R.A. Allen
COVER STORY
My favorite junkyard was on Highway 61 just inside the city limits of what was then the incorporated town of Russum, Mississippi.
For one week of every summer, we would visit cousins who made their home there—our "country" cousins, Dad would joke behind Mom's back. Our cousins lived next door to the junkyard, twenty acres of Studebakers and LaSalles, two-toned Hudson Hornets and eyeless DeSotos; broken pulpwood trucks; and Fords, Plymouths, and Chevrolets without bound.
My tomboy cousin and I used to slip through the fence and risk tetanus and wasp attack among the rusting hulks. Pretending to drive, we would say, "Vroom, vroom. Beep, beep." And, "Skeeeeeech!"
Some years later, Kudzu vines invaded our playground. One corner at first, a verdant ground fog creeping toward the antique cars like a plague of the first-born. A Model A Sedan was the first to be smothered.
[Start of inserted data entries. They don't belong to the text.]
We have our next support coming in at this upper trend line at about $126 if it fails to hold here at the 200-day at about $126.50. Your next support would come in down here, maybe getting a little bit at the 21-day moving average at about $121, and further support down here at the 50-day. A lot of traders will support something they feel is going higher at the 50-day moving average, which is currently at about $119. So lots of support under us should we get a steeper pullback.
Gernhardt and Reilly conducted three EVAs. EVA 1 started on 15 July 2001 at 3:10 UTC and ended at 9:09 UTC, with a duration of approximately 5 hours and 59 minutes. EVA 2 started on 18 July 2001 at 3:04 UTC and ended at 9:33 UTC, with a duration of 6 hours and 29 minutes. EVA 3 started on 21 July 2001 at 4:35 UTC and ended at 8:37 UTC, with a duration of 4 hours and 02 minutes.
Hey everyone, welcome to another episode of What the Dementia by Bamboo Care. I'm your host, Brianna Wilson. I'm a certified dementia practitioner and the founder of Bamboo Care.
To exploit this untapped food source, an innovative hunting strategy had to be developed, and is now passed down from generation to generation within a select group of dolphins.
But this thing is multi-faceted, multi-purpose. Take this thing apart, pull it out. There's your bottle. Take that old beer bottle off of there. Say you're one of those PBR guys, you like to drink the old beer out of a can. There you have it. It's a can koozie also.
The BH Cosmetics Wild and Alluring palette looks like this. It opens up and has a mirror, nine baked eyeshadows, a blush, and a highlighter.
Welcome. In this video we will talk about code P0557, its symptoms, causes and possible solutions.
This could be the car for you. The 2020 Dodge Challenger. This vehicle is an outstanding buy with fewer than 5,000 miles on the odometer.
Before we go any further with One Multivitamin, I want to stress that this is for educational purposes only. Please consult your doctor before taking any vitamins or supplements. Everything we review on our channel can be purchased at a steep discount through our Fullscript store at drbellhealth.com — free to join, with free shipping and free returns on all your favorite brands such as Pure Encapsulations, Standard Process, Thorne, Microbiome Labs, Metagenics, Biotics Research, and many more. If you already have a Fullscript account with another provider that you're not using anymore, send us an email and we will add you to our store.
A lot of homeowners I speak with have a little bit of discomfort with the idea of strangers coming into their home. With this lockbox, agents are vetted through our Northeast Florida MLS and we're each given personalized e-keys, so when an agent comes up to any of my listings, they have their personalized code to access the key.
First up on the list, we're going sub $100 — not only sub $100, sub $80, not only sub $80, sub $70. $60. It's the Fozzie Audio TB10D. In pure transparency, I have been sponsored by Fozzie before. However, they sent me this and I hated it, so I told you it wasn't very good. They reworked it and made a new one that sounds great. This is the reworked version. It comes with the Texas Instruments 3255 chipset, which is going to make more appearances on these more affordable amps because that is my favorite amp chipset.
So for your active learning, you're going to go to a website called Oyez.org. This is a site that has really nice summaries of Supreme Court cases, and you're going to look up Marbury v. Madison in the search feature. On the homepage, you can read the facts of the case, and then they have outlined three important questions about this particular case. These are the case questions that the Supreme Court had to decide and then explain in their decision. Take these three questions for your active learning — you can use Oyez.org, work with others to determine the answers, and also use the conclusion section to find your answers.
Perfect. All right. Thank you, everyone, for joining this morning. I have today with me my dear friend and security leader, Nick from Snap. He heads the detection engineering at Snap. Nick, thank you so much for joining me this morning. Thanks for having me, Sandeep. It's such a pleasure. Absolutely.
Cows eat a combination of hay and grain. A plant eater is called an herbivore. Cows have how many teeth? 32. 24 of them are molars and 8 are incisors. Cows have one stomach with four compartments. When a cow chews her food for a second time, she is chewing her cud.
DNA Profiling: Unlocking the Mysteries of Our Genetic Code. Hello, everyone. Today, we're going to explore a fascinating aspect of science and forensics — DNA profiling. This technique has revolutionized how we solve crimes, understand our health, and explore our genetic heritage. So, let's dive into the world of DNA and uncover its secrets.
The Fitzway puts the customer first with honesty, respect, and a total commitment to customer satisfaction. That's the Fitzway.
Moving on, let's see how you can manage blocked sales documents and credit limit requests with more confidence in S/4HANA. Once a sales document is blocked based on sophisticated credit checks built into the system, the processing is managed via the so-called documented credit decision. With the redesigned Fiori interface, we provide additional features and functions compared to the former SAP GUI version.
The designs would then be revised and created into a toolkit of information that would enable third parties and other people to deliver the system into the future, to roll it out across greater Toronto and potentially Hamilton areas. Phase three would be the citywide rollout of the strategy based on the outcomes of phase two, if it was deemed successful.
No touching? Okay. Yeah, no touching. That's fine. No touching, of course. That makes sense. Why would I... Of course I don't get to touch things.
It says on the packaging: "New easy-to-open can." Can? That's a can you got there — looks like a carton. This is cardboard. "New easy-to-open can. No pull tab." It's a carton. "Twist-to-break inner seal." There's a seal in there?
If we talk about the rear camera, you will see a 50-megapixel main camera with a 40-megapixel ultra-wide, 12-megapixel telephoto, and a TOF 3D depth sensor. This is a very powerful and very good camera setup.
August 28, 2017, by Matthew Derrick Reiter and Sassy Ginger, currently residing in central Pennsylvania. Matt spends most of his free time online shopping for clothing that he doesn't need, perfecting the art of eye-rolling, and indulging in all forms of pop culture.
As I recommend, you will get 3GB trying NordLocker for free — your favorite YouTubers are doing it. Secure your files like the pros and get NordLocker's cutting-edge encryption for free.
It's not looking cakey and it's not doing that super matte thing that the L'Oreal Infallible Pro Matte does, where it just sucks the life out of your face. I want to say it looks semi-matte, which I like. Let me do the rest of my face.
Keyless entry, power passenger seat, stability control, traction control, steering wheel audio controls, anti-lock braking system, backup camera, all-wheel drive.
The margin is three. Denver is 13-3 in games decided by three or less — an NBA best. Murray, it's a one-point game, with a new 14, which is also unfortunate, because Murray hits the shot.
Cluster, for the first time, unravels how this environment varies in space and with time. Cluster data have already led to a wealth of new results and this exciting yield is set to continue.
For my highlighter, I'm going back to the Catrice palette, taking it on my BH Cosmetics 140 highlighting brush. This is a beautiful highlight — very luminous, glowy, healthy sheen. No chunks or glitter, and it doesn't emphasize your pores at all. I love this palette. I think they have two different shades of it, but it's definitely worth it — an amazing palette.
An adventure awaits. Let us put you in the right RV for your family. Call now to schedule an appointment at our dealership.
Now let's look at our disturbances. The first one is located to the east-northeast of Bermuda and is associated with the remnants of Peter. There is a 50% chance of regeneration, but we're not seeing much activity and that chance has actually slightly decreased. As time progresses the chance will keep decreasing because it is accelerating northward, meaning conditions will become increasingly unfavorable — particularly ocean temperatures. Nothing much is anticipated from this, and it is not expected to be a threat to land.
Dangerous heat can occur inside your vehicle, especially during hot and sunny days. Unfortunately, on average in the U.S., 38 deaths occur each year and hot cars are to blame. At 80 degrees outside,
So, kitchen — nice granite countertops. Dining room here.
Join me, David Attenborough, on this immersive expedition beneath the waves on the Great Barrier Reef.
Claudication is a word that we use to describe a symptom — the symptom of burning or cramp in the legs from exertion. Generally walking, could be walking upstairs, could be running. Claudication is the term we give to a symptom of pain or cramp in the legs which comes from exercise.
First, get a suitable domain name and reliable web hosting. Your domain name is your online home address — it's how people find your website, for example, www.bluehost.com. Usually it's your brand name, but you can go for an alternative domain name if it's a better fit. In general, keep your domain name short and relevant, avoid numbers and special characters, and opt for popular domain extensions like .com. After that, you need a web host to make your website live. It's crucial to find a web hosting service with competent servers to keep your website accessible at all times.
It's trite, but to stay within a botanical motif, let us say that my cousin ripened. In those days, the notion of having sex with your cousin was especially appealing, same as it is now—forbidden fruit and all that. Voodoo juju taboo. Back then, incest was sin exponentiated to the power of infinity. If you produced offspring, Satan rewarded you with a floppy mongoloid idiot that you'd have to keep in the attic. Your lives would be ruined. Shame would tar your families unto forever.
So we tried to be careful.
Today, if you even notice the junkyard as you drive by, the Kudzued cars look like bad topiary.